### Task brief
Word for word, restate the records that follow.
------------------------------------------------
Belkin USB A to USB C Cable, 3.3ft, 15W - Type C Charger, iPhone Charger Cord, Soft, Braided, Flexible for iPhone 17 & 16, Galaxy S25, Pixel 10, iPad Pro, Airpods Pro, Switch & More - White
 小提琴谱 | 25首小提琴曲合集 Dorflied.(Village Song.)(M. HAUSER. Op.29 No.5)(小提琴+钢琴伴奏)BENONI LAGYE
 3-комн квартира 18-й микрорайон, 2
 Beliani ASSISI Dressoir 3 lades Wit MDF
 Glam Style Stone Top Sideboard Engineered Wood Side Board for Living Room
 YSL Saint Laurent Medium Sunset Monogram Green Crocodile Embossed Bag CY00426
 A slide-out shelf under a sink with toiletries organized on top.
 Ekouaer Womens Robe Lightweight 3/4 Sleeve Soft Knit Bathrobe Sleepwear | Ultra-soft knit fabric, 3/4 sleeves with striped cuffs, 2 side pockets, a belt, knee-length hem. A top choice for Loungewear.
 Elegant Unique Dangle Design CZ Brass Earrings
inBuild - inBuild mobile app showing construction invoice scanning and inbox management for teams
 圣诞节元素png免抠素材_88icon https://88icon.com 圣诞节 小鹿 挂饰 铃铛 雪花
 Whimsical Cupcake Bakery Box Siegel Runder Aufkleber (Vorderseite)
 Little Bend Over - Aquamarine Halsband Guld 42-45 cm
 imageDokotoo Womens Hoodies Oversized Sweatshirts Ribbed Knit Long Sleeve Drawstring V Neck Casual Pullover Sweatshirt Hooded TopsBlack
------------------------------------------------
### Response for this exercise
Belkin USB A to USB C Cable, 3.3ft, 15W - Type C Charger, iPhone Charger Cord, Soft, Braided, Flexible for iPhone 17 & 16, Galaxy S25, Pixel 10, iPad Pro, Airpods Pro, Switch & More - White
 小提琴谱 | 25首小提琴曲合集 Dorflied.(Village Song.)(M. HAUSER. Op.29 No.5)(小提琴+钢琴伴奏)BENONI LAGYE
 3-комн квартира 18-й микрорайон, 2
 Beliani ASSISI Dressoir 3 lades Wit MDF
 Glam Style Stone Top Sideboard Engineered Wood Side Board for Living Room
 YSL Saint Laurent Medium Sunset Monogram Green Crocodile Embossed Bag CY00426
 A slide-out shelf under a sink with toiletries organized on top.
 Ekouaer Womens Robe Lightweight 3/4 Sleeve Soft Knit Bathrobe Sleepwear | Ultra-soft knit fabric, 3/4 sleeves with striped cuffs, 2 side pockets, a belt, knee-length hem. A top choice for Loungewear.
 Elegant Unique Dangle Design CZ Brass Earrings
inBuild - inBuild mobile app showing construction invoice scanning and inbox management for teams
 圣诞节元素png免抠素材_88icon https://88icon.com 圣诞节 小鹿 挂饰 铃铛 雪花
 Whimsical Cupcake Bakery Box Siegel Runder Aufkleber (Vorderseite)
 Little Bend Over - Aquamarine Halsband Guld 42-45 cm
 imageDokotoo Womens Hoodies Oversized Sweatshirts Ribbed Knit Long Sleeve Drawstring V Neck Casual Pullover Sweatshirt Hooded TopsBlack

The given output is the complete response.